Here are 31 of the best LGBTQ music releases of 2021:

1. Man on Man – Man on Man

Roddy Bottum (Faith No More, Imperial Teen) joins forces with his boyfriend Joey Holman for this ’90s slice of alt rock I had no idea I missed this much until it was fed back to me by two supremely confident, sex-positive bears who can slam home a chorus as expertly as they do each other. Their videos are fun and filled with body positive images, not to mention men flirting, kissing, licking and generally using their guitars as the cartoon phalluses they were always meant to be. In other words: hot. (“1983”; “Daddy”;  “Stohner”)

2. Donnie – The Colored Section (Deluxe)

Here is what reissues are for: restoring glory to overlooked gems that were either panned or roundly ignored during their initial release phase. Such is the case with this 2002 soul document from a long-retired Atlanta artist who had the audacity and vision to address sexuality long before Frank Ocean, though Donnie’s groundbreaking The Colored Section doesn’t live in its own self-imposed gay ghetto. In hindsight, Donnie’s old-school approach to soul music was old hat in 2002, but history favors artifacts, and this one sounds like the classics it was so lovingly created to replicate. (“Cloud 9”; “Big Black Buck”; “Beautiful Me”)

3. Lawrence Rothman – Good Morning, America

This L.A.-based nonbinary singer-songwriter makes their Father John Misty move, only Rothman’s not funny or particularly clever with words. But like FJM under all that snark, Rothman has much to reveal about paradigms that haven’t worked in over 50 odd years (“Glory feat. Katie Pruitt)”, the state of our country’s spiritual malaise (“Thrash the West feat. Amanda Shires,” masquerading as a love song), the difficulty and necessity of healing (“The Fix”). It’s monochromatic in its darkness, so the shafts of light that peak through are stunning, offering a glimpse of hope that its title merely suggests.

4. Michael Mayo – Bones

Soulful, jazzy, intimate, honest, unapologetically bi. Though so many soul men in the past were suspected of being a bit “light in the loafers,” here’s one that embraces that lightness and makes it central to his art. He’s a born romantic; his gossamer emotionality is positively buoyant. (“You and You”; “20/20”; “The Way”)

5. Pixel Grip – ARENA

Having scaled the heights of electronic indie pop/dance, these Windy City upstarts get energized to celebrate the beauty of the disco.
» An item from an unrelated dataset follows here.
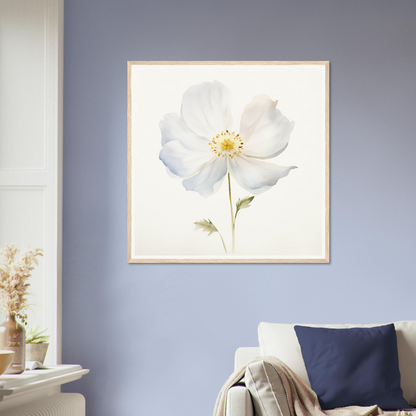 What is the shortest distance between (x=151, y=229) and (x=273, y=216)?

But be sure to note that such beauty isn’t pristine, and that this dance floor is greasy, sticky, and smeared with all manner of bodily fluids. It’s filthy and — to quote some other hedonistically bent homos — gorgeous.  (“ALPHAPUSSY”; “Demon Chaser feat. MONAE”; “Pursuit”)
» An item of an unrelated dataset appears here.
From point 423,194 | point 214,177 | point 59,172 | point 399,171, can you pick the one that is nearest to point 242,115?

6. Fleece – Stunning and Atrocious

These Canadians have morphed quite a bit over the last few records — mostly thanks to personnel changes — and are finally hitting their stride (see our review here). Their alt-leaning indie rock is now decidedly indie pop, and the softer environs suit their songs of squashed gay love, hookups, infatuations. If there are real world, non-love issues addressed herein, I don’t hear them, and I don’t miss them. And neither will you. (“Do You Mind? (Leave the Light On)”; “Love Song for the Haters”; “All My Money”)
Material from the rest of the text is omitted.